• Exercise:
Repeat the entries below exactly. Drop the pictures.

Scraped caption text data:
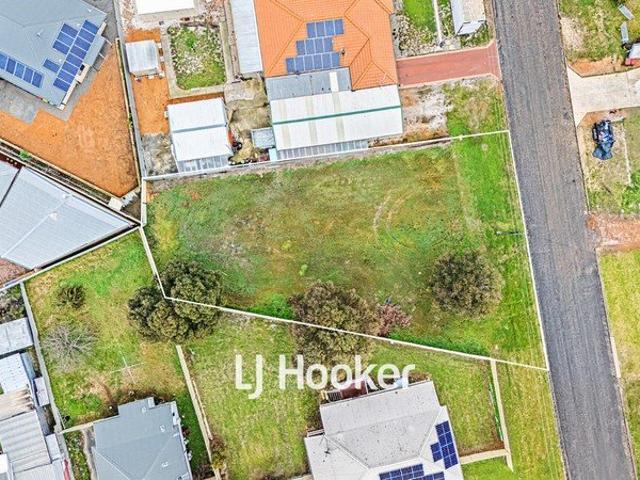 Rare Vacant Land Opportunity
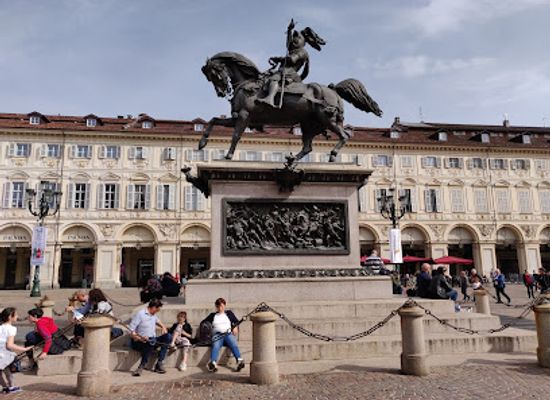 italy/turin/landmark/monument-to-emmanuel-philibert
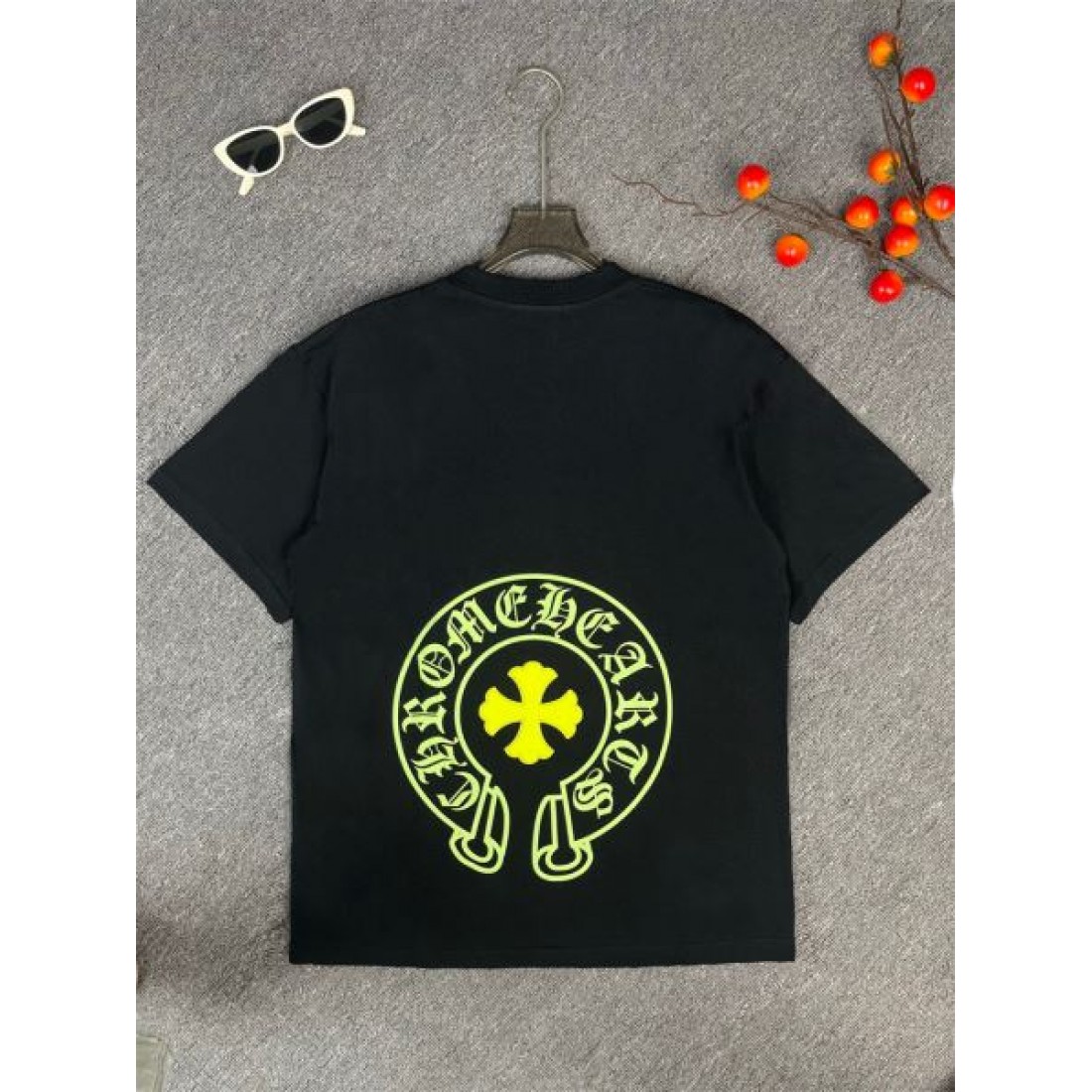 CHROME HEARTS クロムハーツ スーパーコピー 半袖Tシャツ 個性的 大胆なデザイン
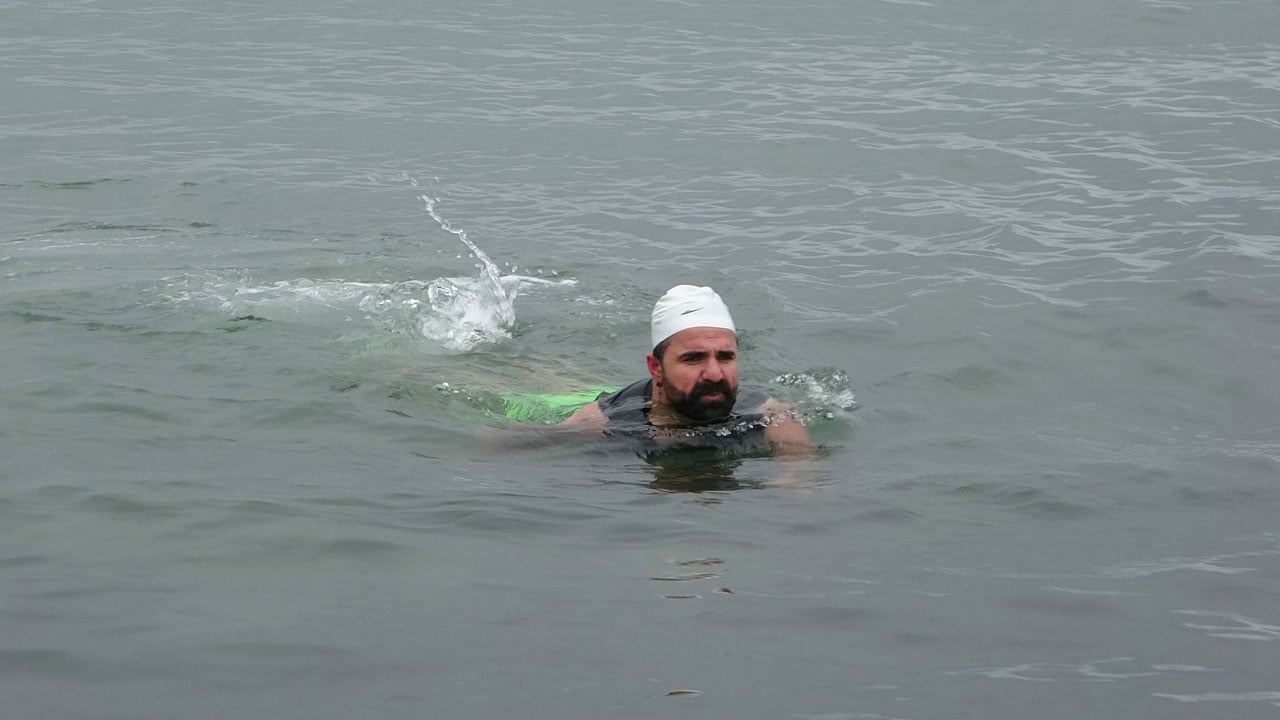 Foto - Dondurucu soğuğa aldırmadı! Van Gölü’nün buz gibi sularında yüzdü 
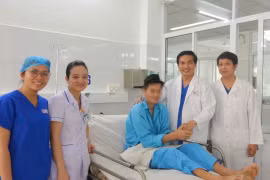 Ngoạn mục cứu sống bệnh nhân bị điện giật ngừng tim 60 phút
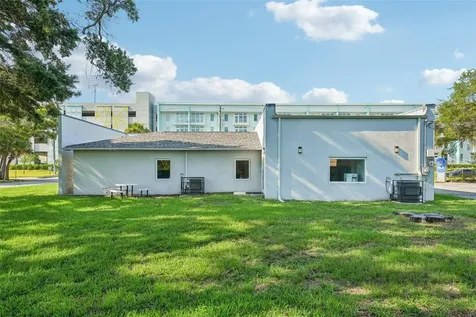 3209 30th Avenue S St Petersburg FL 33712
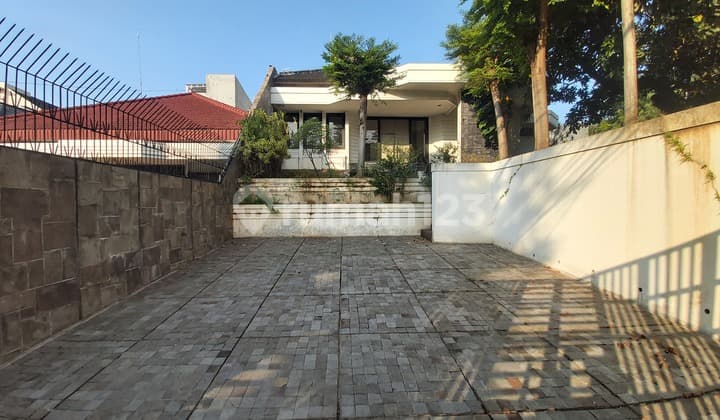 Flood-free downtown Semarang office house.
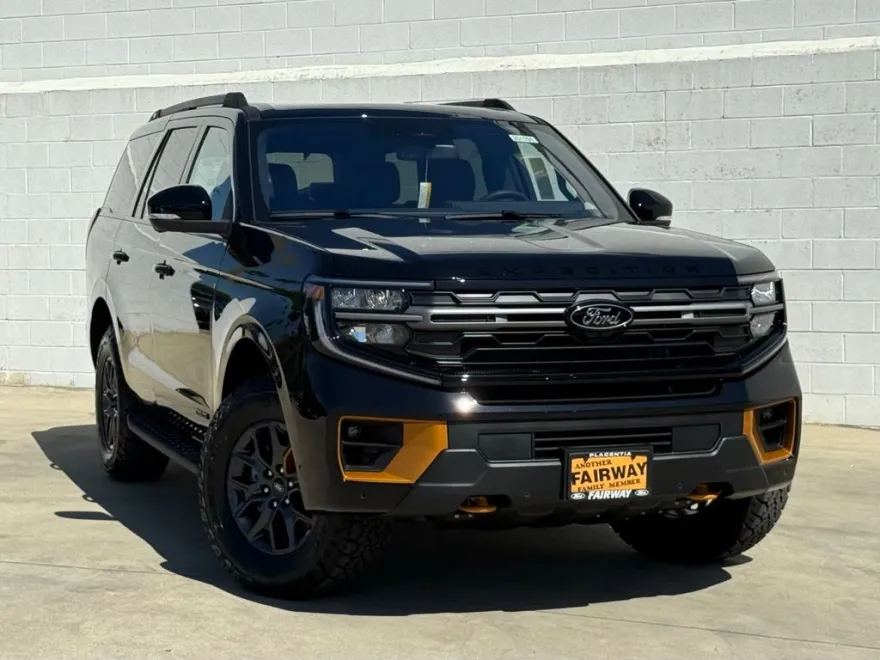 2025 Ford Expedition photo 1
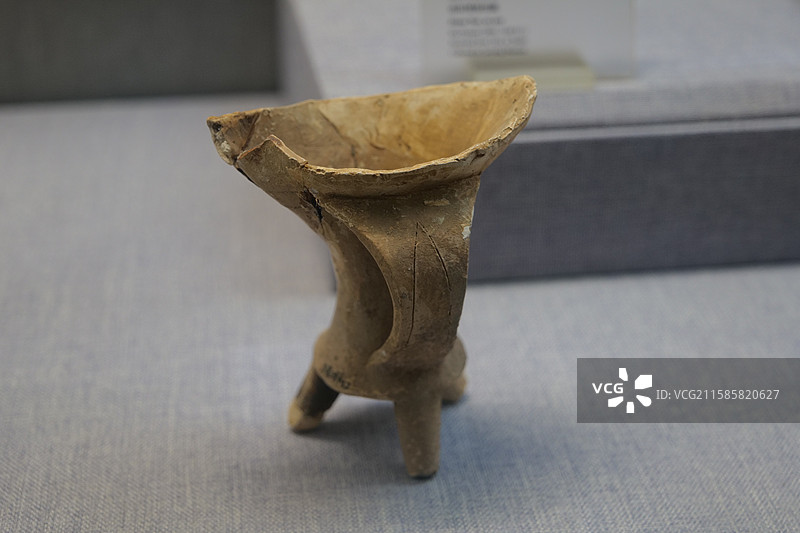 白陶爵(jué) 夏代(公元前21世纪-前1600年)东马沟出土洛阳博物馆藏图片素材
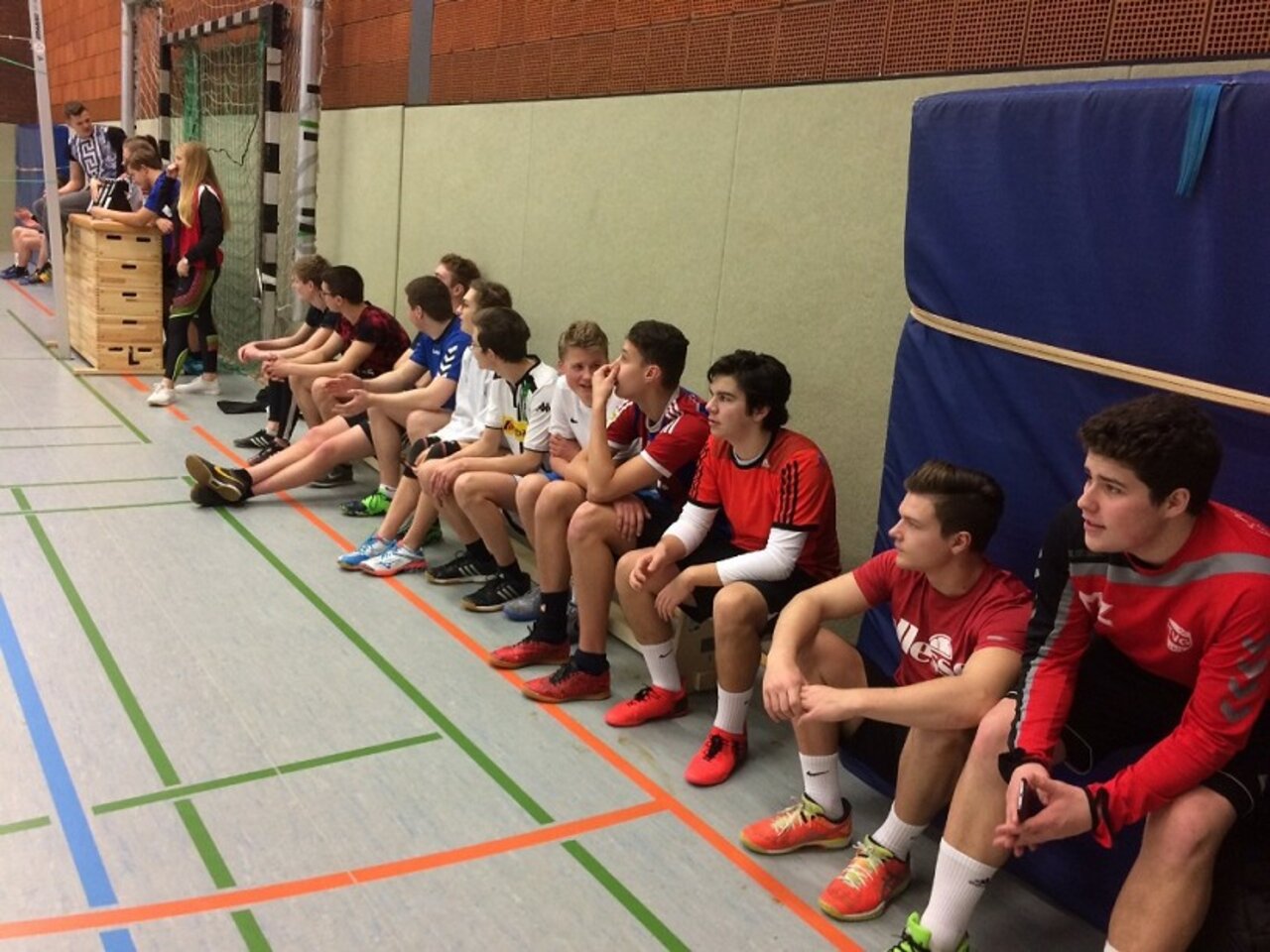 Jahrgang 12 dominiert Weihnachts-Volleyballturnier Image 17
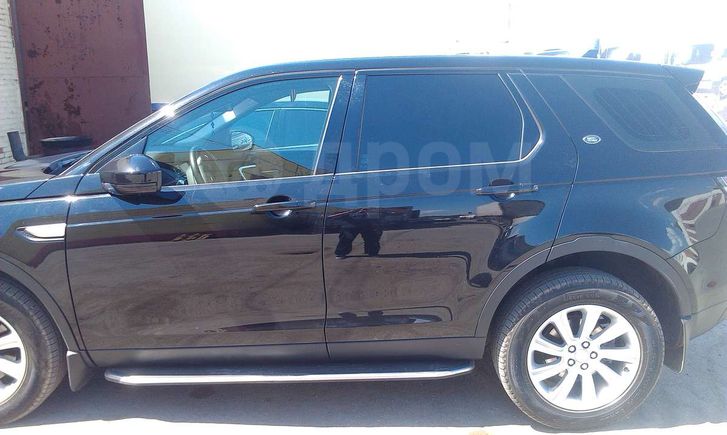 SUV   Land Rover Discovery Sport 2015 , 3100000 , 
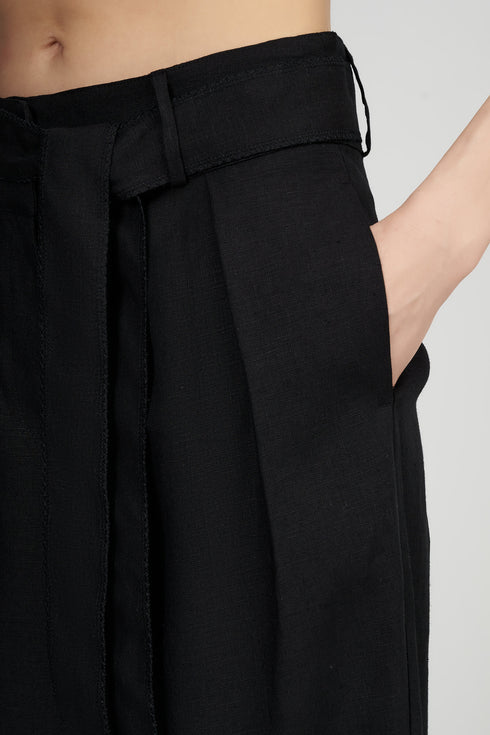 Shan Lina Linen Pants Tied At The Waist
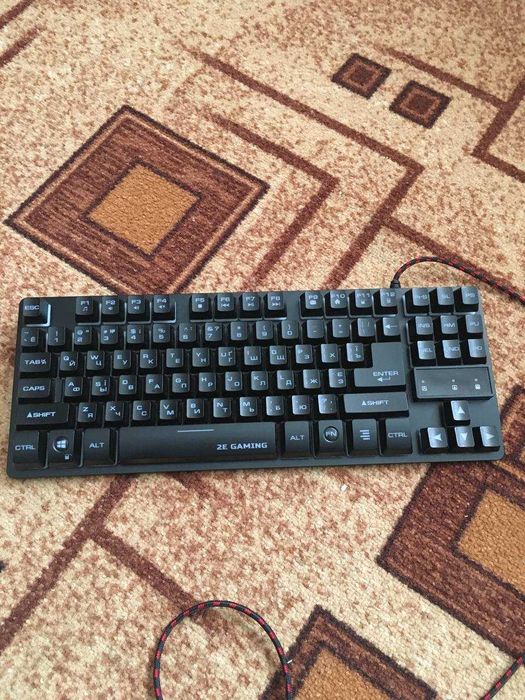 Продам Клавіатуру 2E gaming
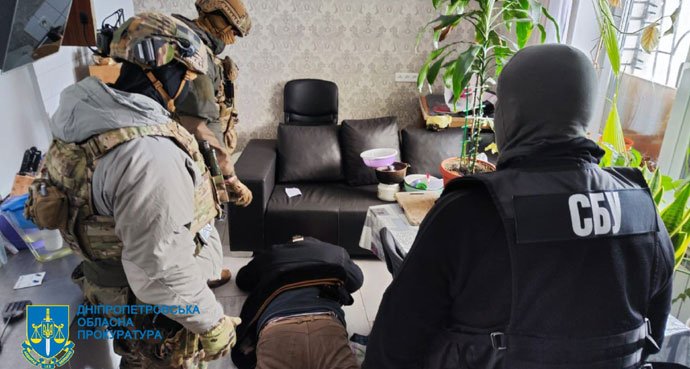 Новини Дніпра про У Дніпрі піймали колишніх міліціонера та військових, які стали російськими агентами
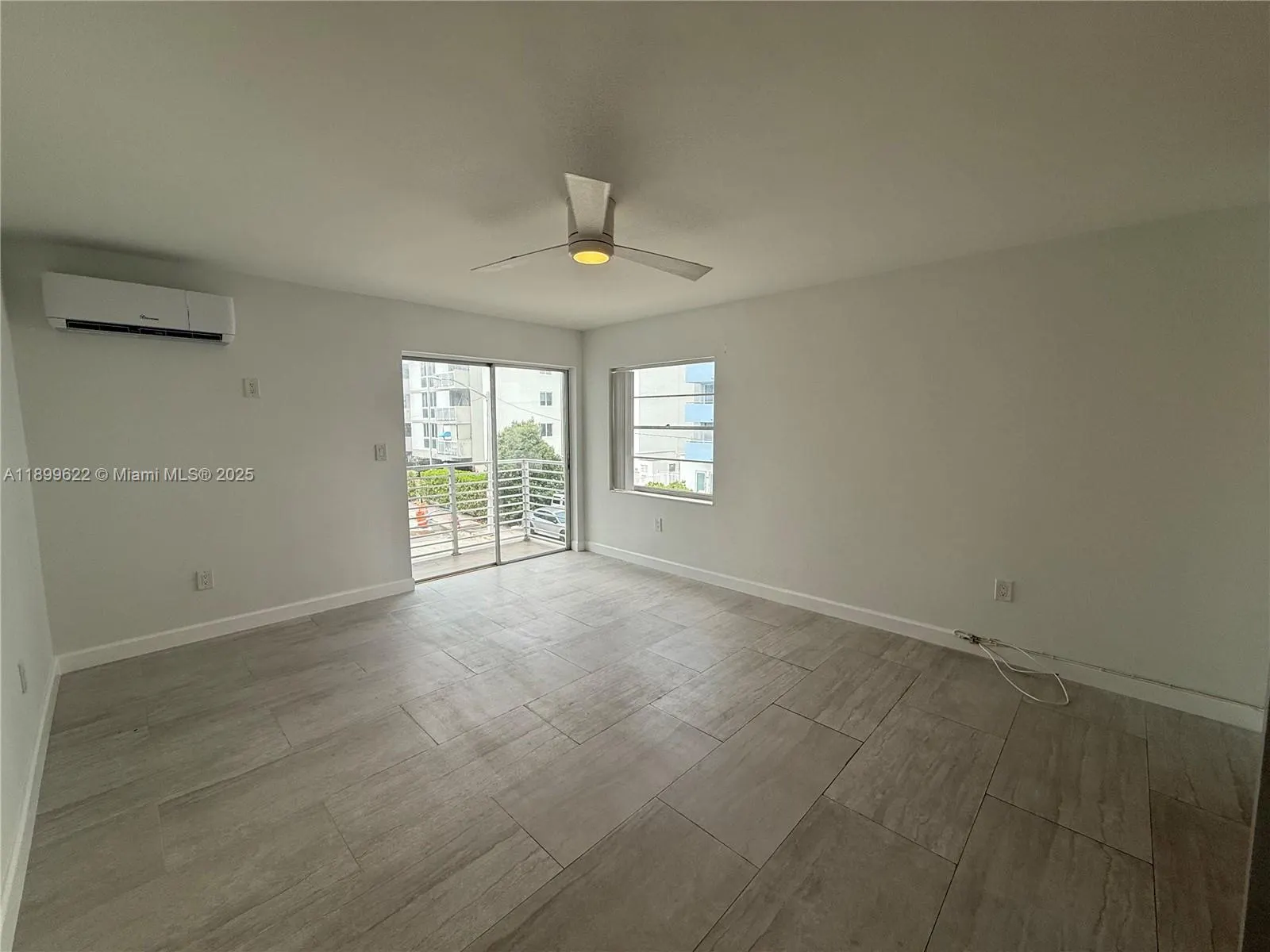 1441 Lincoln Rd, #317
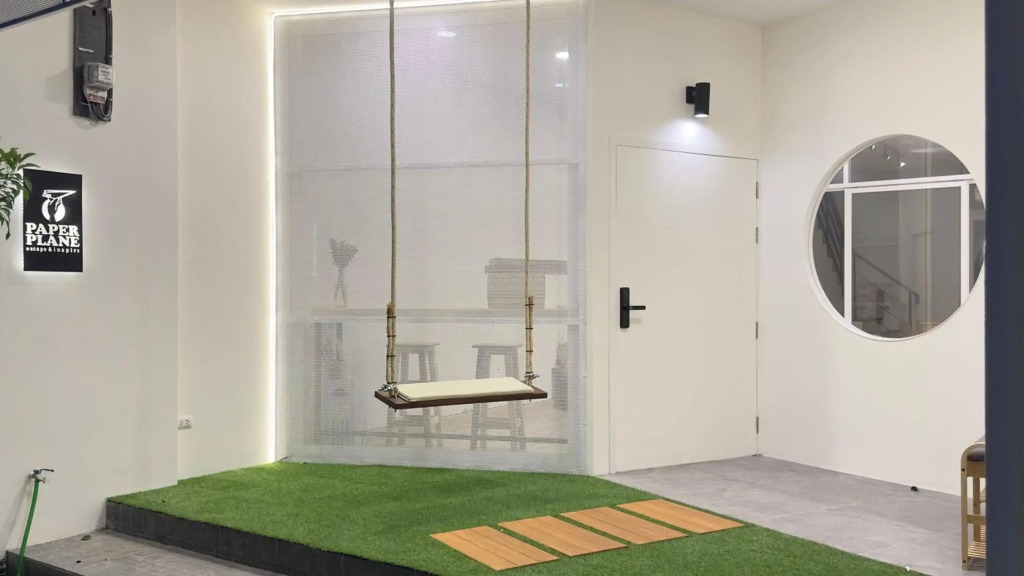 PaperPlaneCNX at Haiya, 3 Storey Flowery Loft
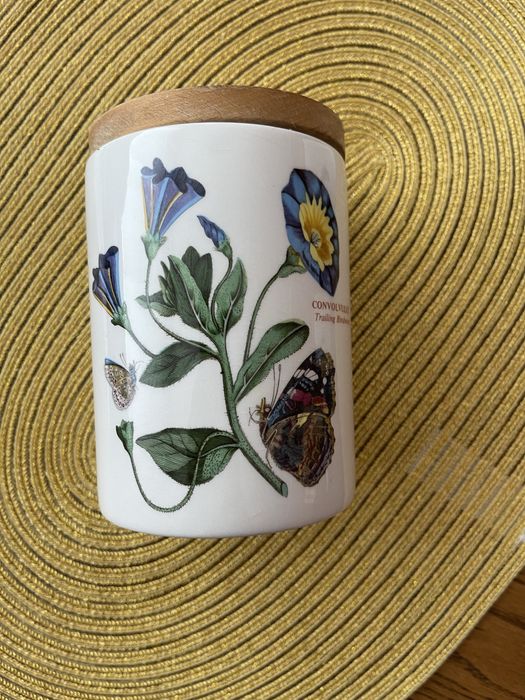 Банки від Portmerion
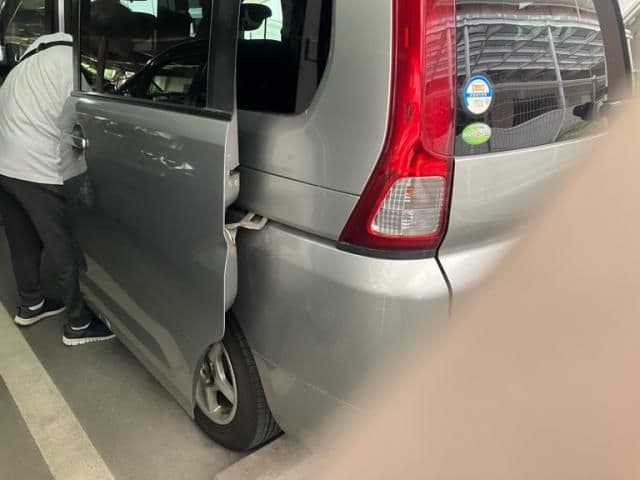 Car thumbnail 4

• Response:
 Rare Vacant Land Opportunity
 italy/turin/landmark/monument-to-emmanuel-philibert
 CHROME HEARTS クロムハーツ スーパーコピー 半袖Tシャツ 個性的 大胆なデザイン
 Foto - Dondurucu soğuğa aldırmadı! Van Gölü’nün buz gibi sularında yüzdü 
 Ngoạn mục cứu sống bệnh nhân bị điện giật ngừng tim 60 phút
 3209 30th Avenue S St Petersburg FL 33712
 Flood-free downtown Semarang office house.
 2025 Ford Expedition photo 1
 白陶爵(jué) 夏代(公元前21世纪-前1600年)东马沟出土洛阳博物馆藏图片素材
 Jahrgang 12 dominiert Weihnachts-Volleyballturnier Image 17
 SUV   Land Rover Discovery Sport 2015 , 3100000 , 
 Shan Lina Linen Pants Tied At The Waist
 Продам Клавіатуру 2E gaming
 Новини Дніпра про У Дніпрі піймали колишніх міліціонера та військових, які стали російськими агентами
 1441 Lincoln Rd, #317
 PaperPlaneCNX at Haiya, 3 Storey Flowery Loft
 Банки від Portmerion
 Car thumbnail 4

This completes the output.